_Records from a data source_:
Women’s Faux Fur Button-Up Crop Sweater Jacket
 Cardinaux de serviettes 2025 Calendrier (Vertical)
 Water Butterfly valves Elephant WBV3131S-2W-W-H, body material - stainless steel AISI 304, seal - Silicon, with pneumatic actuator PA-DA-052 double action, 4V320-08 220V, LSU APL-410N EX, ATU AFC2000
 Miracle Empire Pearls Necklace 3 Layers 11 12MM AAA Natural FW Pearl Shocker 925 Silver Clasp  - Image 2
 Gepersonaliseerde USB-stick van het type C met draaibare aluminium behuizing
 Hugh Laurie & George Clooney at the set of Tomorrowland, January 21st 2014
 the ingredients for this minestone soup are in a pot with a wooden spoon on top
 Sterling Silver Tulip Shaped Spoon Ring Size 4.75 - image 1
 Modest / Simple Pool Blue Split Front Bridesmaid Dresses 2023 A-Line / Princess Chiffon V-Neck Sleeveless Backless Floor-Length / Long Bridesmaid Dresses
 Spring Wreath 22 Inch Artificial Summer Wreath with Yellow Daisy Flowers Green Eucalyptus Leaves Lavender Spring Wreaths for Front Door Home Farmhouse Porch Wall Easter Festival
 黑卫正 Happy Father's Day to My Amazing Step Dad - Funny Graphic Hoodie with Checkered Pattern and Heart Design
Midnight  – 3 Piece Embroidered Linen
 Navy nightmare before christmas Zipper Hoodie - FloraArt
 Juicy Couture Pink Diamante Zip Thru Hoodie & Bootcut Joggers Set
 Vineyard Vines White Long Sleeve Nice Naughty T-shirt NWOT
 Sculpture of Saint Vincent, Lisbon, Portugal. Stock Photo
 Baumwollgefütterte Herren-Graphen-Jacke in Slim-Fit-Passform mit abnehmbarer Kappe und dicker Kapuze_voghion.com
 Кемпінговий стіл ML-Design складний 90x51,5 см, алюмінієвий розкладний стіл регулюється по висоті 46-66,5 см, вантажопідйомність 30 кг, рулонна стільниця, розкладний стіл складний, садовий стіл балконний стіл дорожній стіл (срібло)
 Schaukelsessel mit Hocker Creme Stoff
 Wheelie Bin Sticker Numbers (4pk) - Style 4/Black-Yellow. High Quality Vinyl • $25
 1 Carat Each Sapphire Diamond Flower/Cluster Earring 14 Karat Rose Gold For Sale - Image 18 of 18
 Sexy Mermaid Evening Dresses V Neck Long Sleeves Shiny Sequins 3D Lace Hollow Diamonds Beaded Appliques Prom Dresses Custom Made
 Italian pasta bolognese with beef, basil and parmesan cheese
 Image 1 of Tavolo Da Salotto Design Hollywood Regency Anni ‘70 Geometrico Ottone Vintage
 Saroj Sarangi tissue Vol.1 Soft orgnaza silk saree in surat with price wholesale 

_What you will do_:
An exact transcription of every record above is required.

_Exercise answer_:
Women’s Faux Fur Button-Up Crop Sweater Jacket
 Cardinaux de serviettes 2025 Calendrier (Vertical)
 Water Butterfly valves Elephant WBV3131S-2W-W-H, body material - stainless steel AISI 304, seal - Silicon, with pneumatic actuator PA-DA-052 double action, 4V320-08 220V, LSU APL-410N EX, ATU AFC2000
 Miracle Empire Pearls Necklace 3 Layers 11 12MM AAA Natural FW Pearl Shocker 925 Silver Clasp  - Image 2
 Gepersonaliseerde USB-stick van het type C met draaibare aluminium behuizing
 Hugh Laurie & George Clooney at the set of Tomorrowland, January 21st 2014
 the ingredients for this minestone soup are in a pot with a wooden spoon on top
 Sterling Silver Tulip Shaped Spoon Ring Size 4.75 - image 1
 Modest / Simple Pool Blue Split Front Bridesmaid Dresses 2023 A-Line / Princess Chiffon V-Neck Sleeveless Backless Floor-Length / Long Bridesmaid Dresses
 Spring Wreath 22 Inch Artificial Summer Wreath with Yellow Daisy Flowers Green Eucalyptus Leaves Lavender Spring Wreaths for Front Door Home Farmhouse Porch Wall Easter Festival
 黑卫正 Happy Father's Day to My Amazing Step Dad - Funny Graphic Hoodie with Checkered Pattern and Heart Design
Midnight  – 3 Piece Embroidered Linen
 Navy nightmare before christmas Zipper Hoodie - FloraArt
 Juicy Couture Pink Diamante Zip Thru Hoodie & Bootcut Joggers Set
 Vineyard Vines White Long Sleeve Nice Naughty T-shirt NWOT
 Sculpture of Saint Vincent, Lisbon, Portugal. Stock Photo
 Baumwollgefütterte Herren-Graphen-Jacke in Slim-Fit-Passform mit abnehmbarer Kappe und dicker Kapuze_voghion.com
 Кемпінговий стіл ML-Design складний 90x51,5 см, алюмінієвий розкладний стіл регулюється по висоті 46-66,5 см, вантажопідйомність 30 кг, рулонна стільниця, розкладний стіл складний, садовий стіл балконний стіл дорожній стіл (срібло)
 Schaukelsessel mit Hocker Creme Stoff
 Wheelie Bin Sticker Numbers (4pk) - Style 4/Black-Yellow. High Quality Vinyl • $25
 1 Carat Each Sapphire Diamond Flower/Cluster Earring 14 Karat Rose Gold For Sale - Image 18 of 18
 Sexy Mermaid Evening Dresses V Neck Long Sleeves Shiny Sequins 3D Lace Hollow Diamonds Beaded Appliques Prom Dresses Custom Made
 Italian pasta bolognese with beef, basil and parmesan cheese
 Image 1 of Tavolo Da Salotto Design Hollywood Regency Anni ‘70 Geometrico Ottone Vintage
 Saroj Sarangi tissue Vol.1 Soft orgnaza silk saree in surat with price wholesale 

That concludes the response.